# Golf



## RitaRuth (Jul 14, 2012)

Hi I'm new on here. We live in Liguria in the Val di Vara. My husband is wondering if there are any golfers out there. He has brought his clubs here with him but until now hasn't found anyone to have a round with. Would be pleased to hear from anyone in or near our area who is interested.


----------



## pudd 2 (Dec 10, 2008)

:confused2::confused2:


RitaRuth said:


> Hi I'm new on here. We live in Liguria in the Val di Vara. My husband is wondering if there are any golfers out there. He has brought his clubs here with him but until now hasn't found anyone to have a round with. Would be pleased to hear from anyone in or near our area who is interested.


not verry often do you get a wife asking if any one would like to playaround with her husband :confused2:


----------



## rpizzica (Aug 10, 2011)

You should be playing golf with your husband. Here in Italy w play Calcio.


----------



## eccoci (Jun 26, 2012)

RitaRuth said:


> Hi I'm new on here. We live in Liguria in the Val di Vara. My husband is wondering if there are any golfers out there. He has brought his clubs here with him but until now hasn't found anyone to have a round with. Would be pleased to hear from anyone in or near our area who is interested.


Even though we’re not golfers, I wanted to take the opportunity to say “Hello”. We also live in the Val di Vara zone. It’s rare to find anyone in this area that speaks English. Good luck to your husband. Having known many avid golfers, I can imagine his yearning to play, especially since the weather has cooled off a bit.
Rina


----------



## RitaRuth (Jul 14, 2012)

eccoci said:


> Even though we’re not golfers, I wanted to take the opportunity to say “Hello”. We also live in the Val di Vara zone. It’s rare to find anyone in this area that speaks English. Good luck to your husband. Having known many avid golfers, I can imagine his yearning to play, especially since the weather has cooled off a bit.
> Rina


Hello Rina

Thank you for your reply. As you say there seem to be few English speakers in the area. Not that we came here to live among expats but its sometimes nice to find someone that speaks English: especially as my husband is still struggling to learn Italian.

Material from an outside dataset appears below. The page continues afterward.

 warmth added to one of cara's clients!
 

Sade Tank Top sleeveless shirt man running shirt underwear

Which part of Val di Vara do you live in? We are on the road between Brugnato and Sesta Godano. We moved here in November and are loving it!

Rita


----------



## RitaRuth (Jul 14, 2012)

rpizzica said:


> You should be playing golf with your husband. Here in Italy w play Calcio.


No chance!


----------



## RitaRuth (Jul 14, 2012)

pudd 2 said:


> :confused2::confused2:
> 
> not verry often do you get a wife asking if any one would like to playaround with her husband :confused2:


Anything to keep him happy.


----------



## eccoci (Jun 26, 2012)

RitaRuth said:


> Hello Rina
> 
> Thank you for your reply. As you say there seem to be few English speakers in the area. Not that we came here to live among expats but its sometimes nice to find someone that speaks English: especially as my husband is still struggling to learn Italian.
> 
> ...


Rita, We're actually very close to one another as we're in Brugnato! August will be 4years for me. So you arrived just after the infamous Flood! Great timing ; )


----------



## RitaRuth (Jul 14, 2012)

eccoci said:


> Rita, We're actually very close to one another as we're in Brugnato! August will be 4years for me. So you arrived just after the infamous Flood! Great timing ; )

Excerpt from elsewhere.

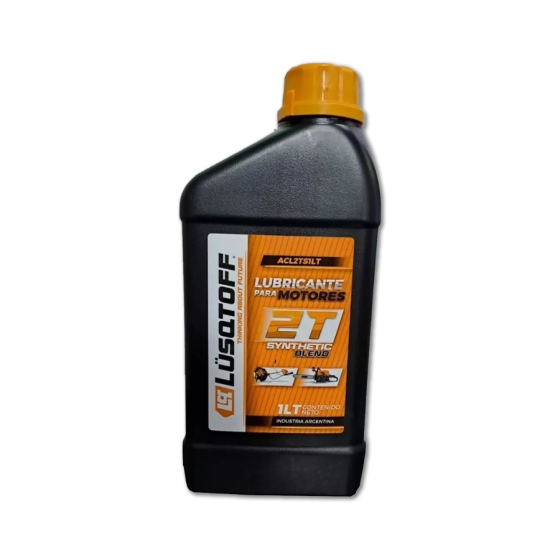 Aceite Sintético para Motores 2T x 1L Lusqtoff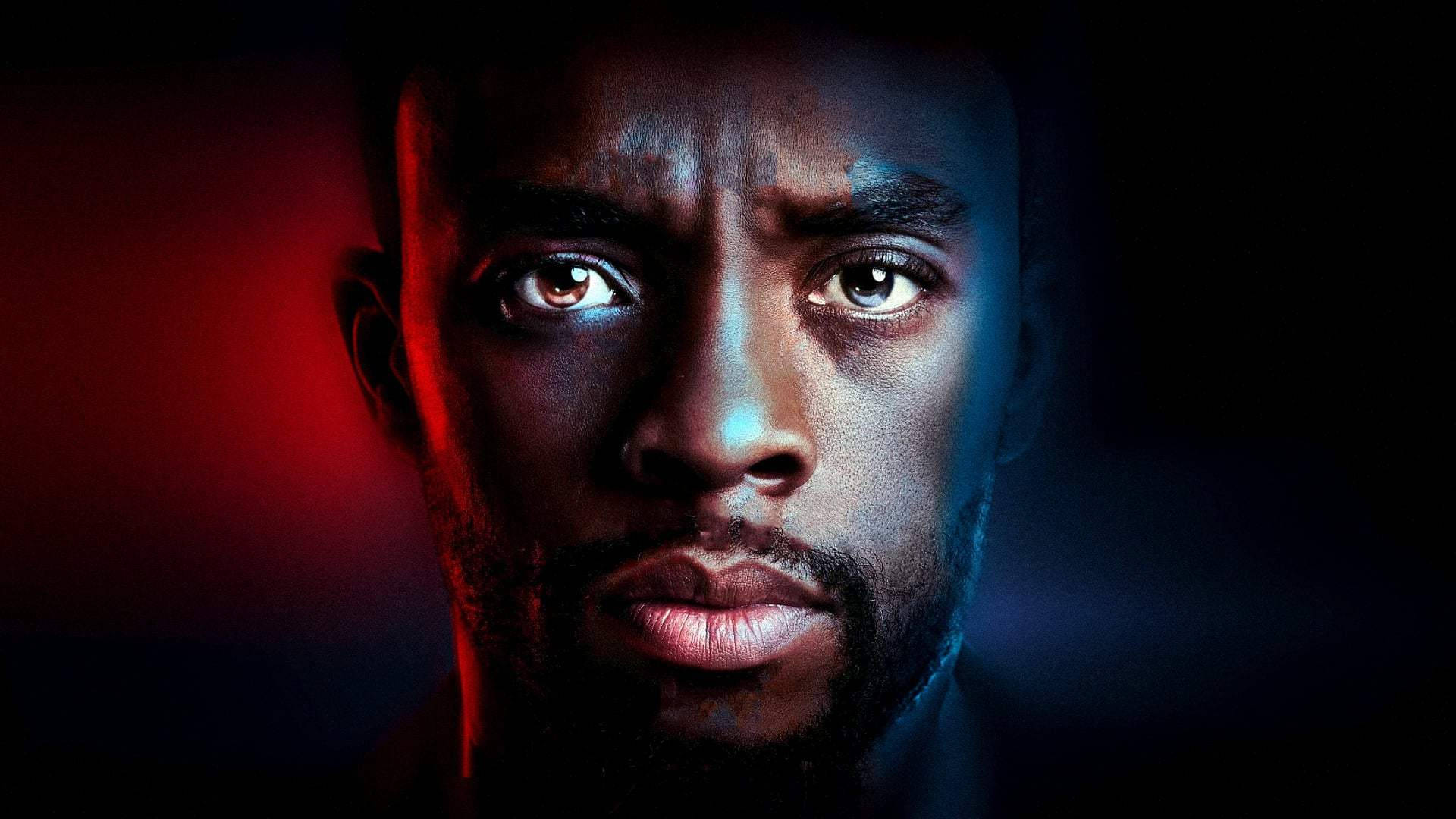 Chadwick Boseman Close Up Photograph Wallpaper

What a small world! Yes we moved in just after the floods. We were living in a camper van in Levanto and we had gone to Livorno to visit some family. We were coming back to Levanto by train and were turned back at La Spezia because the line was closed. At this point we had no idea what was going on but when we got back to Livorno and saw the extent of the catastrophe on the news, we were horrified. We couldn't get back for nearly a week and at that point we hadn't exchanged contracts. Any way to cut a long story short, our house was untouched and we went on to move in, in November and here we are!

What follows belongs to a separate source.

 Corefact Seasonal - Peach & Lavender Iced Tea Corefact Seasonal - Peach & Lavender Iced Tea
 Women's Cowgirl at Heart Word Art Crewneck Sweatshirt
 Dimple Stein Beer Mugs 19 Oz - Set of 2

We know how bad it was in Brugnato because we have some friends there and we have seen the damage it did to their place. Were you badly affected?


----------



## eccoci (Jun 26, 2012)

RitaRuth said:


> What a small world! Yes we moved in just after the floods. We were living in a camper van in Levanto and we had gone to Livorno to visit some family. We were coming back to Levanto by train and were turned back at La Spezia because the line was closed. At this point we had no idea what was going on but when we got back to Livorno and saw the extent of the catastrophe on the news, we were horrified. We couldn't get back for nearly a week and at that point we hadn't exchanged contracts. Any way to cut a long story short, our house was untouched and we went on to move in, in November and here we are!
> 
> We know how bad it was in Brugnato because we have some friends there and we have seen the damage it did to their place. Were you badly affected?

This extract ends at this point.